## What the exercise asks
Locate the line bearing "SILK Printed chiffon" in the material below, then reproduce it and each following line up to and including the line bearing "Freestanding Bathroom Vanity".

## Records provided
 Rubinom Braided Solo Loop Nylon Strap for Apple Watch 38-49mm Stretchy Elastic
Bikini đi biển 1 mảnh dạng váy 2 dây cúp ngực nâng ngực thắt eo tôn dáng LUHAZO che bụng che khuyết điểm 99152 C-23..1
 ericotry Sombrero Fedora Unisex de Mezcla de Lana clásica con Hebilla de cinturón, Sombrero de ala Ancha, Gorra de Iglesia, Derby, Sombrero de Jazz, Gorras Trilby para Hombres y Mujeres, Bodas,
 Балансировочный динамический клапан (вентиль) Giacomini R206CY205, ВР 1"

---

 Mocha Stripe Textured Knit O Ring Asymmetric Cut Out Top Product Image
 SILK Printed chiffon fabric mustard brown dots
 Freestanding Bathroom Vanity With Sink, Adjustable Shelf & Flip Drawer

## Finished task
 SILK Printed chiffon fabric mustard brown dots
 Freestanding Bathroom Vanity With Sink, Adjustable Shelf & Flip Drawer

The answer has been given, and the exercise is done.